◆ **Work task**: Give back every line of the data, transcribed exactly.

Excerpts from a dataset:
______________________________

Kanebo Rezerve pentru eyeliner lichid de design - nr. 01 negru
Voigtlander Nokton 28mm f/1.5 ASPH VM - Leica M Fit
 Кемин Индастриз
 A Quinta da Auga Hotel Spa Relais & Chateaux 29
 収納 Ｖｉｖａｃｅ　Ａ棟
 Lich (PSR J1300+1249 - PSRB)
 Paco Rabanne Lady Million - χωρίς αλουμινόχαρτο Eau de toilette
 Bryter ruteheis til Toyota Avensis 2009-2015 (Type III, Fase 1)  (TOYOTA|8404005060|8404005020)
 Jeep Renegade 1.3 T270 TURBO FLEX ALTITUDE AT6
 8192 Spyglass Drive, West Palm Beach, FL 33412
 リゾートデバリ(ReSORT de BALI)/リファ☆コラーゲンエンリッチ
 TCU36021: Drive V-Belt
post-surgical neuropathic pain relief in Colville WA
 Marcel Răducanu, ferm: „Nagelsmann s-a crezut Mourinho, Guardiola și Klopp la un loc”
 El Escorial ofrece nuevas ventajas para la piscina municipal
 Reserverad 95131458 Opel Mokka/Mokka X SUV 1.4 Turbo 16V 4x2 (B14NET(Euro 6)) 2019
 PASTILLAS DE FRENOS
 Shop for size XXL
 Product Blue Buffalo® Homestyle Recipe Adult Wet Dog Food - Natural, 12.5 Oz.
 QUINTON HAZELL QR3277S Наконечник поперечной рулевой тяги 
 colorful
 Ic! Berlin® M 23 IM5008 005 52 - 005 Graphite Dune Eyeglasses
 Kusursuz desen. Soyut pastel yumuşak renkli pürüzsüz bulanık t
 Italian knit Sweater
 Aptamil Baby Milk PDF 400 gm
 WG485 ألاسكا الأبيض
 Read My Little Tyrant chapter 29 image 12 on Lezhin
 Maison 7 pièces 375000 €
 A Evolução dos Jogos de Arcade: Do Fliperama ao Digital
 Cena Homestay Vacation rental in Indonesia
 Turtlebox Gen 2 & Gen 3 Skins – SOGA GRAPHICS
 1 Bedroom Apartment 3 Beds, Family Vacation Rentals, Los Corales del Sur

______________________________

◆ **Written answer**:
Kanebo Rezerve pentru eyeliner lichid de design - nr. 01 negru
Voigtlander Nokton 28mm f/1.5 ASPH VM - Leica M Fit
 Кемин Индастриз
 A Quinta da Auga Hotel Spa Relais & Chateaux 29
 収納 Ｖｉｖａｃｅ　Ａ棟
 Lich (PSR J1300+1249 - PSRB)
 Paco Rabanne Lady Million - χωρίς αλουμινόχαρτο Eau de toilette
 Bryter ruteheis til Toyota Avensis 2009-2015 (Type III, Fase 1)  (TOYOTA|8404005060|8404005020)
 Jeep Renegade 1.3 T270 TURBO FLEX ALTITUDE AT6
 8192 Spyglass Drive, West Palm Beach, FL 33412
 リゾートデバリ(ReSORT de BALI)/リファ☆コラーゲンエンリッチ
 TCU36021: Drive V-Belt
post-surgical neuropathic pain relief in Colville WA
 Marcel Răducanu, ferm: „Nagelsmann s-a crezut Mourinho, Guardiola și Klopp la un loc”
 El Escorial ofrece nuevas ventajas para la piscina municipal
 Reserverad 95131458 Opel Mokka/Mokka X SUV 1.4 Turbo 16V 4x2 (B14NET(Euro 6)) 2019
 PASTILLAS DE FRENOS
 Shop for size XXL
 Product Blue Buffalo® Homestyle Recipe Adult Wet Dog Food - Natural, 12.5 Oz.
 QUINTON HAZELL QR3277S Наконечник поперечной рулевой тяги 
 colorful
 Ic! Berlin® M 23 IM5008 005 52 - 005 Graphite Dune Eyeglasses
 Kusursuz desen. Soyut pastel yumuşak renkli pürüzsüz bulanık t
 Italian knit Sweater
 Aptamil Baby Milk PDF 400 gm
 WG485 ألاسكا الأبيض
 Read My Little Tyrant chapter 29 image 12 on Lezhin
 Maison 7 pièces 375000 €
 A Evolução dos Jogos de Arcade: Do Fliperama ao Digital
 Cena Homestay Vacation rental in Indonesia
 Turtlebox Gen 2 & Gen 3 Skins – SOGA GRAPHICS
 1 Bedroom Apartment 3 Beds, Family Vacation Rentals, Los Corales del Sur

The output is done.